> _Task prompt_: An exact reproduction of the records is required, with all pictures omitted.
───
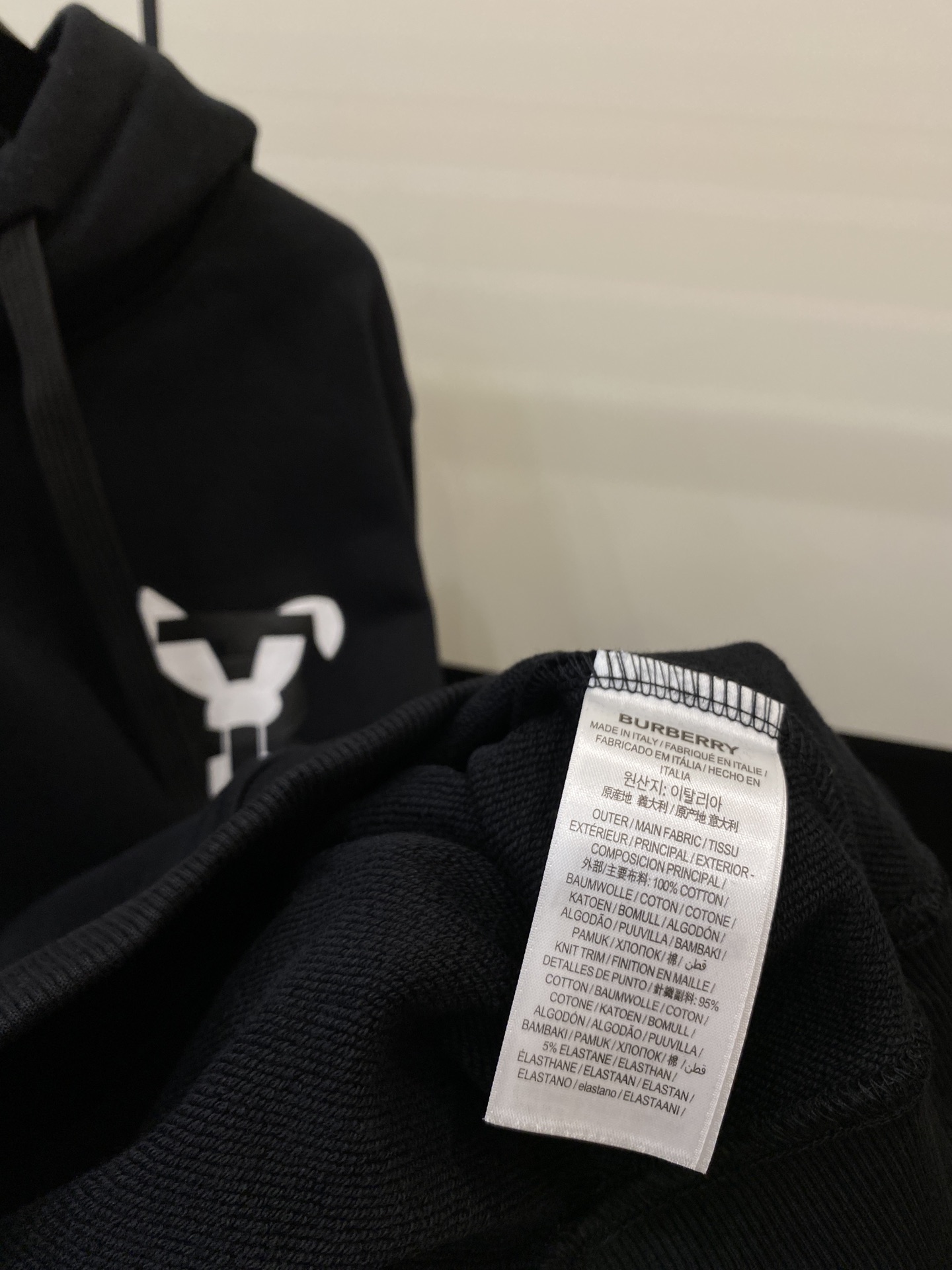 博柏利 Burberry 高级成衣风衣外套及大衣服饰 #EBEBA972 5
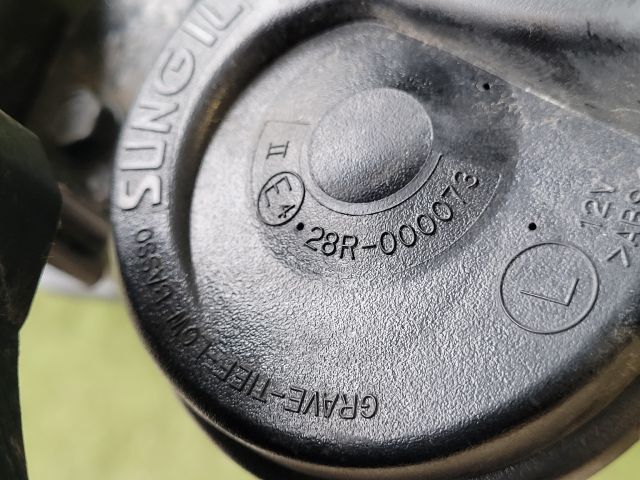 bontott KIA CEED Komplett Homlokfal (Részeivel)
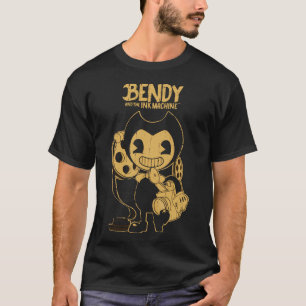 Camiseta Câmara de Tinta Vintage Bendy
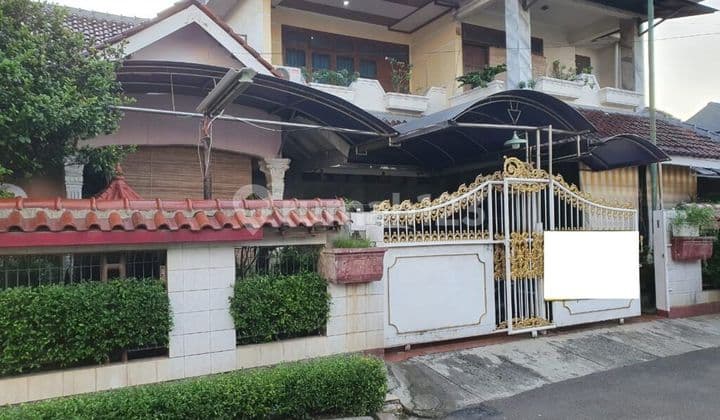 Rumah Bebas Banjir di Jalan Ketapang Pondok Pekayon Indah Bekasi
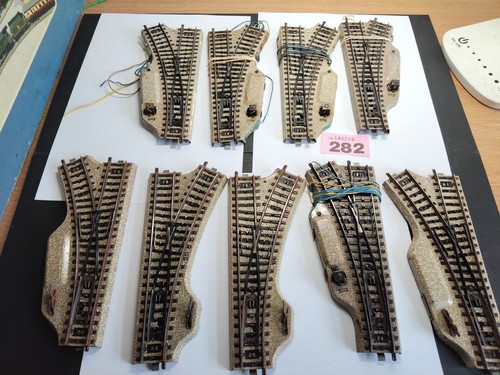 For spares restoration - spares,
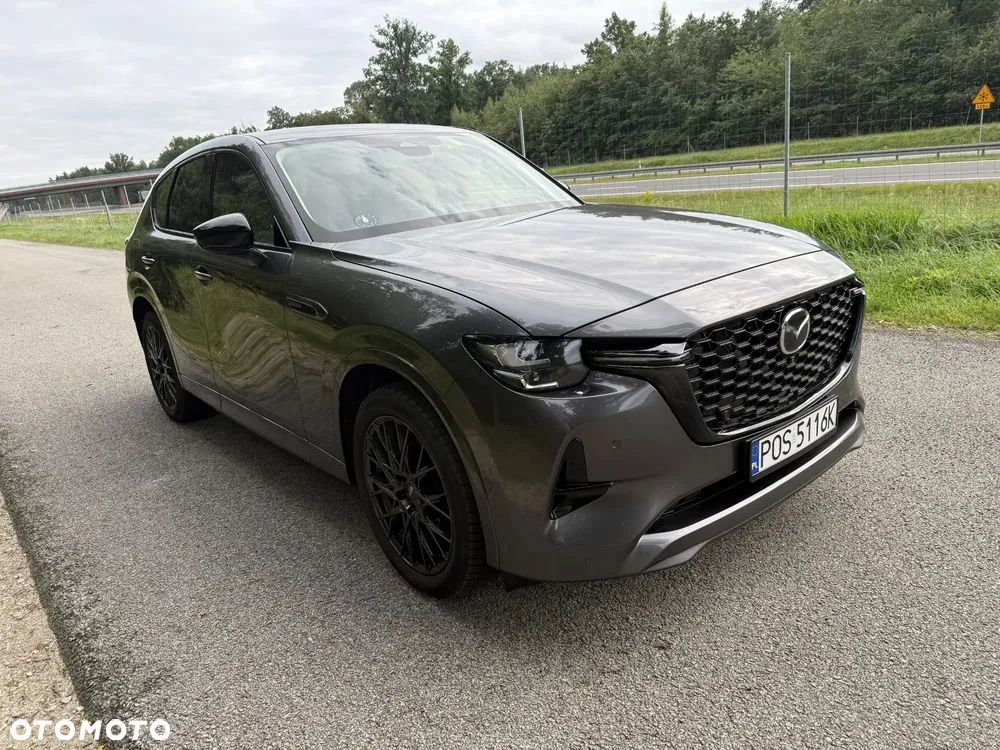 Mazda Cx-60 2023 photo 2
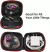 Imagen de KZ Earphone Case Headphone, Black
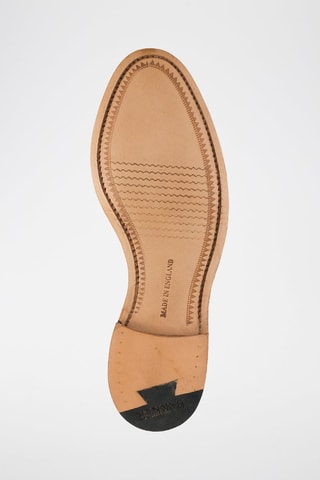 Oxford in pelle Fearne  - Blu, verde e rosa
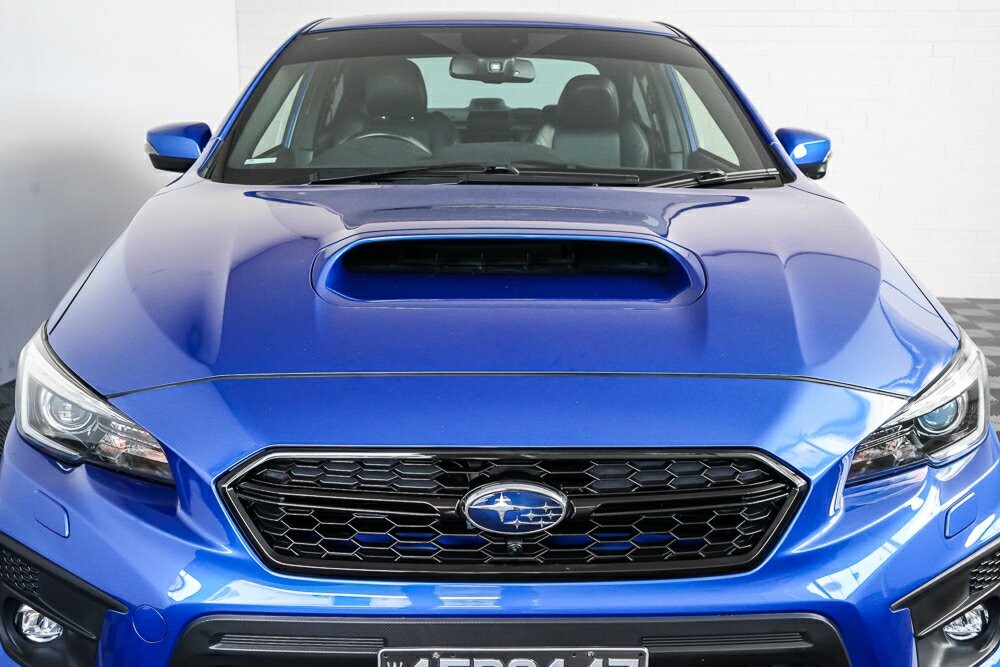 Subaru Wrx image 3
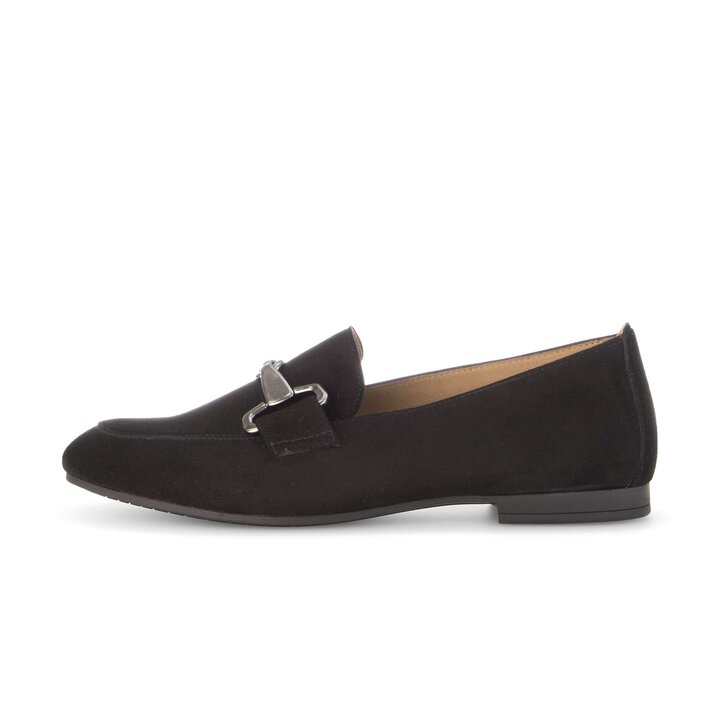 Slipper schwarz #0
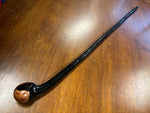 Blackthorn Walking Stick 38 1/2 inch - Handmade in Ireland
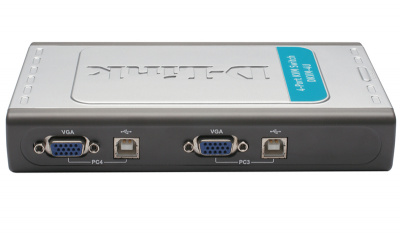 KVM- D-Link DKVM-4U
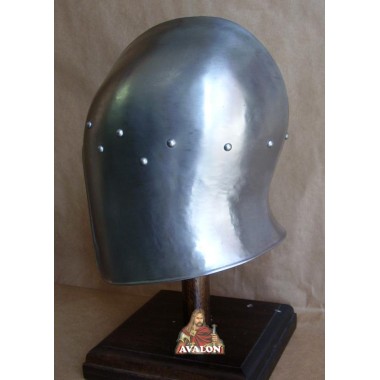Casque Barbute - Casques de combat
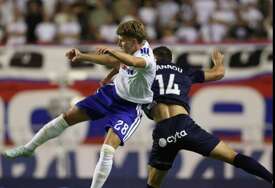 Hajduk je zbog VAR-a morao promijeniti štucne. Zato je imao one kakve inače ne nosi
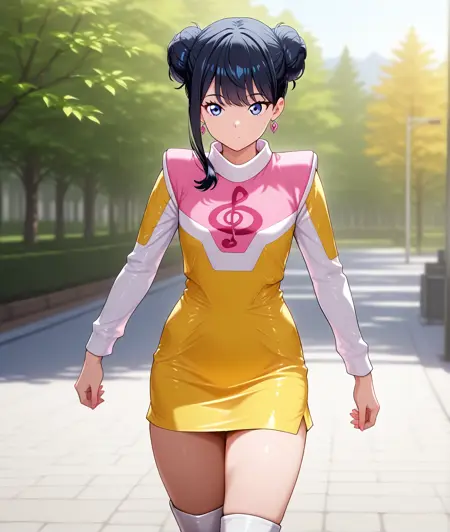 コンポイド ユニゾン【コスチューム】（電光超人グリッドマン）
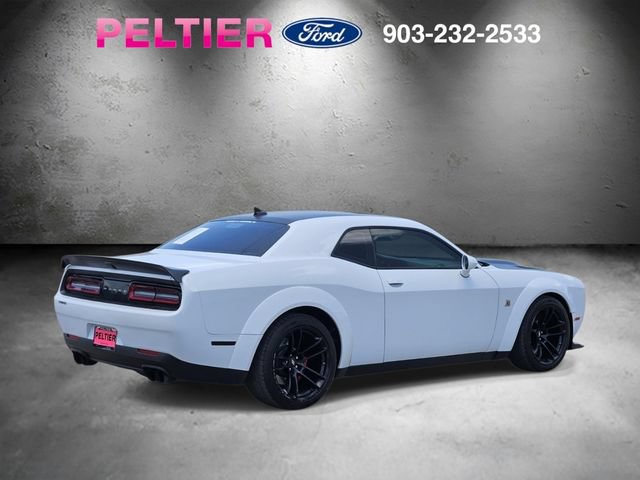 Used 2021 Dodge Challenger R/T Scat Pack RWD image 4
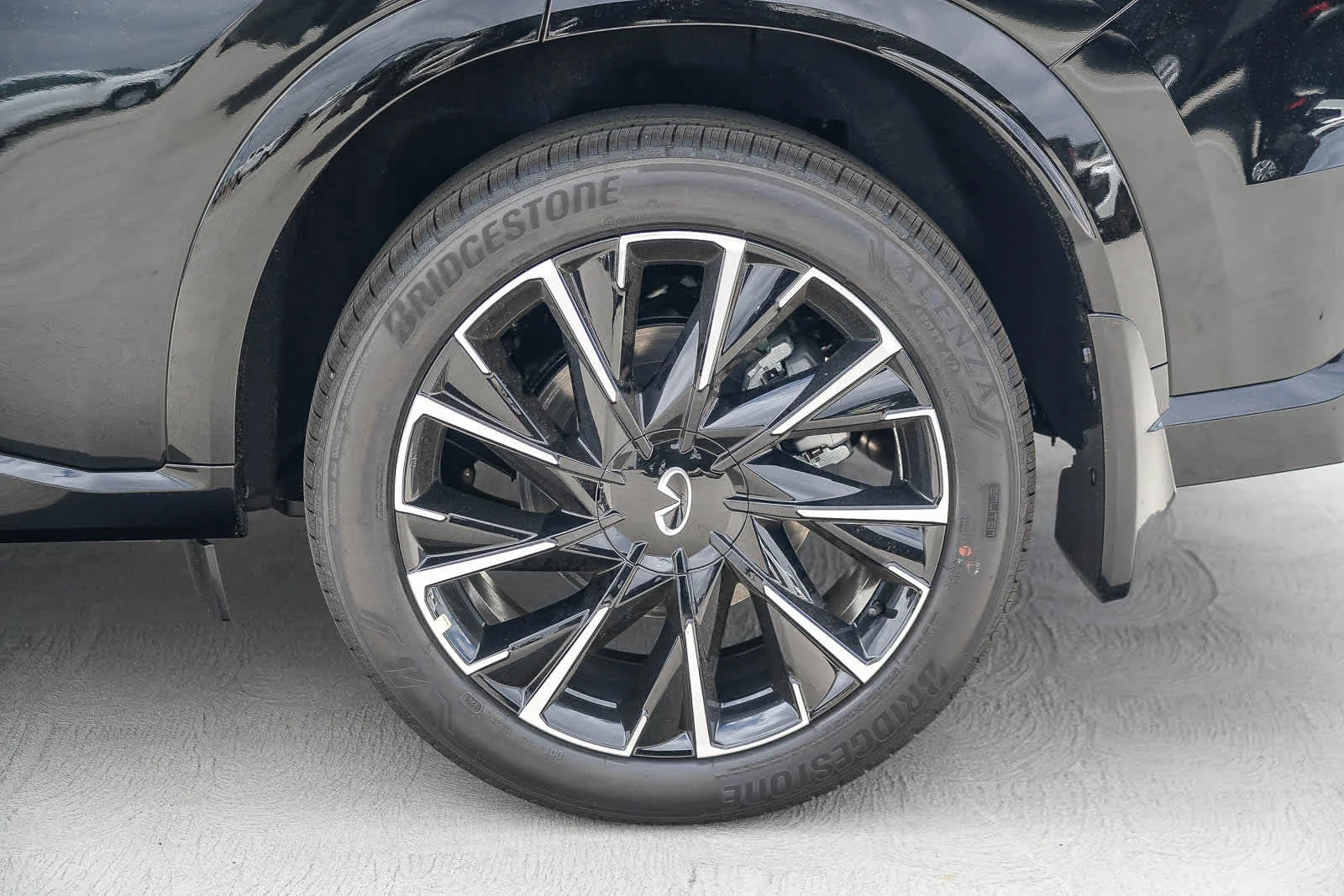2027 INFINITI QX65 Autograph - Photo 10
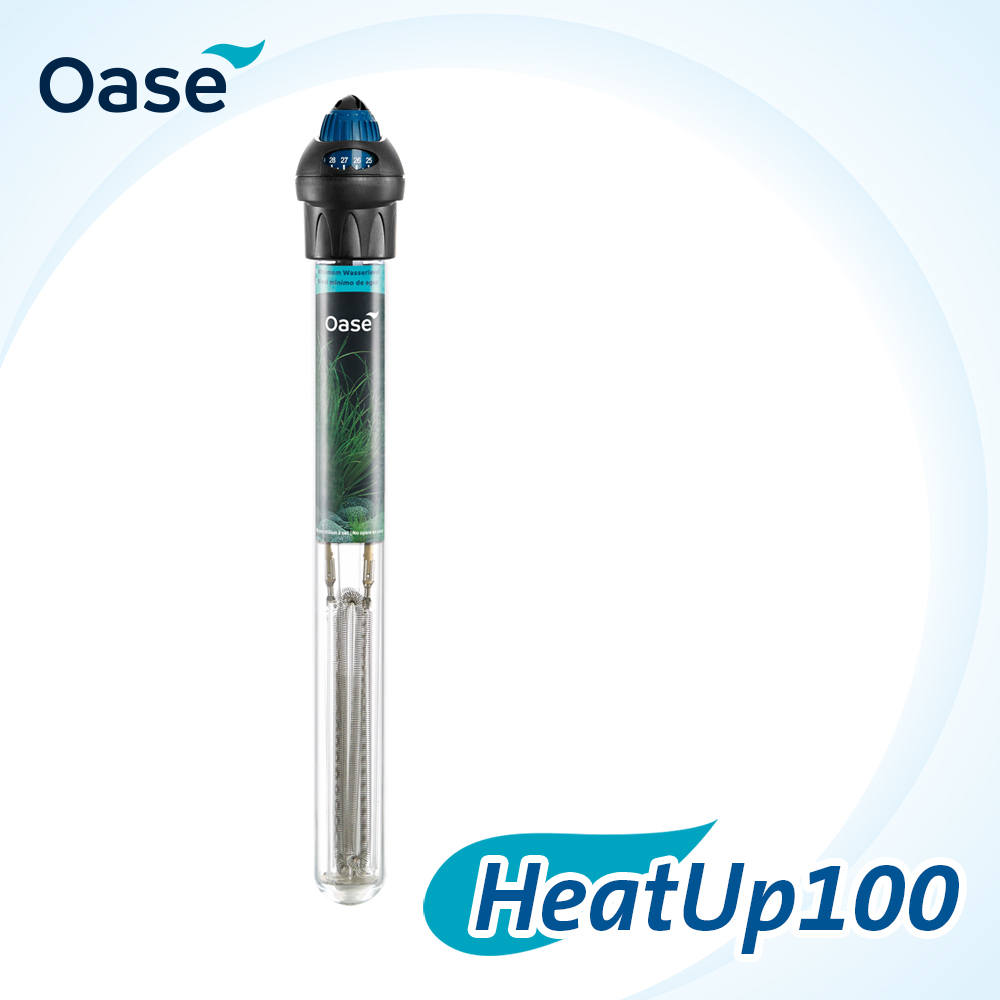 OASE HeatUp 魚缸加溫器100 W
───
> _Output for this task_:
 博柏利 Burberry 高级成衣风衣外套及大衣服饰 #EBEBA972 5
 bontott KIA CEED Komplett Homlokfal (Részeivel)
 Camiseta Câmara de Tinta Vintage Bendy
 Rumah Bebas Banjir di Jalan Ketapang Pondok Pekayon Indah Bekasi
 For spares restoration - spares,
 Mazda Cx-60 2023 photo 2
 Imagen de KZ Earphone Case Headphone, Black
 Oxford in pelle Fearne  - Blu, verde e rosa
 Subaru Wrx image 3
 Slipper schwarz #0
 Blackthorn Walking Stick 38 1/2 inch - Handmade in Ireland
 KVM- D-Link DKVM-4U
Casque Barbute - Casques de combat
 Hajduk je zbog VAR-a morao promijeniti štucne. Zato je imao one kakve inače ne nosi
 コンポイド ユニゾン【コスチューム】（電光超人グリッドマン）
 Used 2021 Dodge Challenger R/T Scat Pack RWD image 4
2027 INFINITI QX65 Autograph - Photo 10
 OASE HeatUp 魚缸加溫器100 W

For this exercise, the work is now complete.